Friday, August 12, 2016
ESA Exhibit Hall, Ft Lauderdale Convention Center
Aisha K. Ba, Department of Zoology, University of Wisconsin, Madison, Madison, WI, Winslow D. Hansen, Dpt. of Zoology, UW-Madison, ESA Student Section Chair, Madison, WI and Monica G. Turner, Department of Integrative Biology, University of Wisconsin, Madison, Madison, WI
Background/Question/Methods

The frequency and size of high-severity forest fires are increasing across the US Rocky Mountains, expanding the extent of early-succession subalpine forests. Structure and function of young western conifer forests are not well studied but important to understand as their extent grows.

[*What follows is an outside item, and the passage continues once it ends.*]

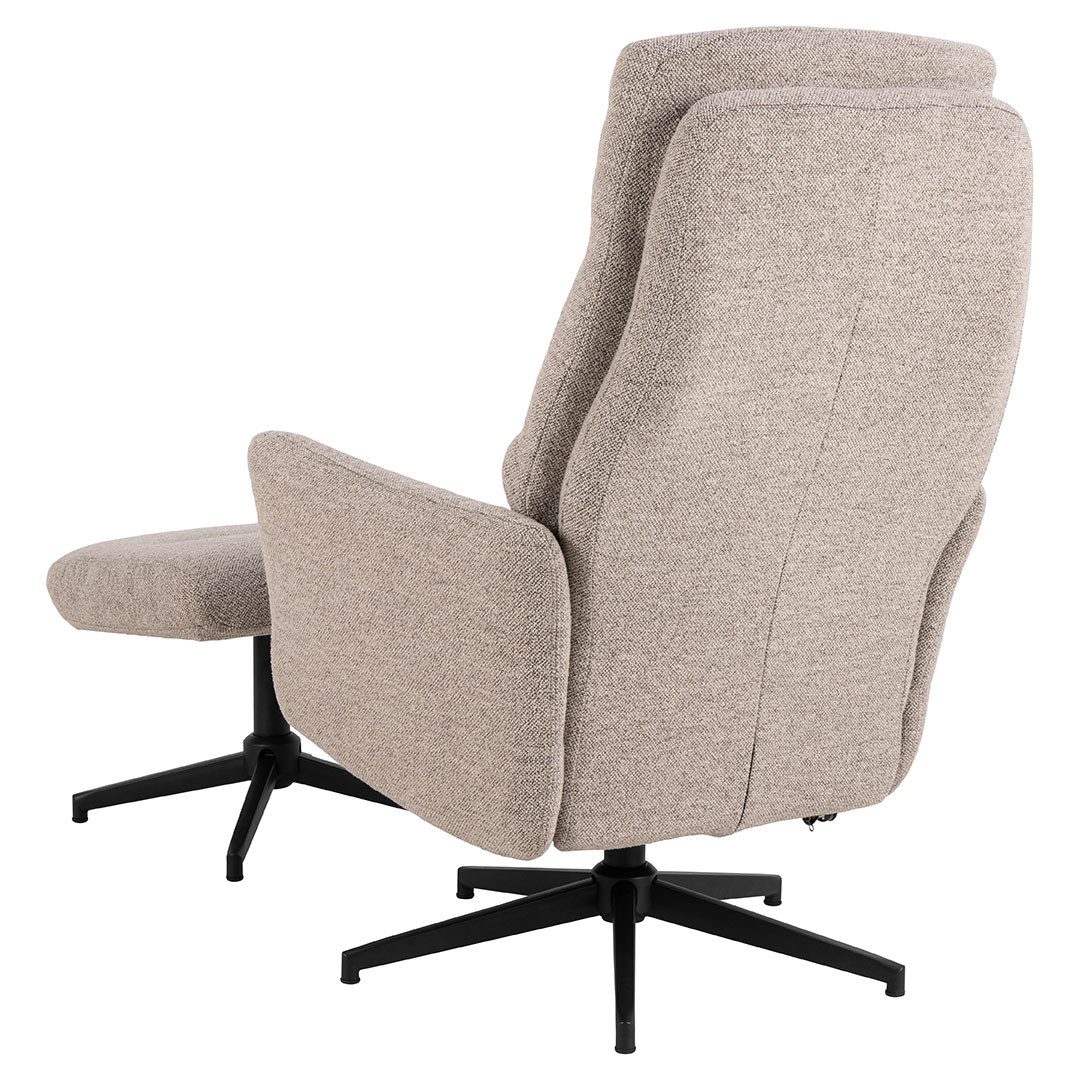 ACTONA GROUP Relaxsessel London Sessel Relaxsessel mit Fußhocker Bouclé Bei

Many forest ecosystem processes (e.g., carbon fluxes, nitrogen mineralization) are mediated by soil microbes, but how soil microbial communities vary in forests regenerating from fire remains poorly resolved. We sampled 27-yr-old postfire lodgepole pine (Pinus contorta var. latifolia) stands in Yellowstone National Park (Wyoming, USA) to ask: how do soil nutrients and soil microbial biomass and community structure vary with climate and stand productivity? We sampled 400-m2 plots (n=20) using a 2x2 factorial design that crossed elevation (warm-dry low elevations and cool-wet high elevations) with stand-level aboveground net primary production (ANPP; low (2.2±0.5 Mg ha-1yr-1) and high (23.4±4.4 Mg ha-1yr-1)). In each plot, we collected soils within eight 1-m2 quadrats using a 5-cm-diameter x 15-cm-deep soil core (n=160) and recorded understory cover. Soils were analyzed for total and inorganic nitrogen, extractable carbon, total organic matter, pH, and soil microbial biomass and community composition, measured by functional guilds. Effects of climate and stand productivity were evaluated with two-way ANOVAs.

Results/Conclusions

Microbial lipid abundance, a measure of total microbial biomass, was greater in stands of high vs. low ANPP (0.43±0.02 vs. 0.29±0.02 µmol/g soil) but did not vary with elevation. Fungal-to-bacterial ratio (an indicator of microbial-community stress) was greater at low vs. high elevations (2.2±0.09 vs. 1.5±0.08) and in stands of high vs. low ANPP (2.2±0.10 vs. 1.5±0.07). Indicators of soil-bacteria functional groups varied with ANPP but not elevation; e.g., the ratio of gram-positive to gram-negative bacteria (another indicator of community stress) was greater in stands of high vs. low ANPP (0.86±0.03 vs 0.71±0.20). Extractable soil carbon was double at high vs. low elevations (180±31 vs. 90±12 mg/kg soil) and in stands of high vs. low ANPP (172±31 vs. 98±18 mg/kg soil). Total percent soil nitrogen was greater at high- vs. low-elevation sites (0.15±0.01 vs. 0.11±0.013) but did not differ with ANPP. Our results suggest that high lodgepole pine ANPP, which is driven by early postfire lodgepole pine density, and warm-dry conditions increase stress on soil bacteria, and alter soil nutrient concentrations, particularly extractable carbon. Unraveling interactions among climate, postfire stand structure, soil microbes, and ecosystem processes could enhance understanding of subalpine forest dynamics.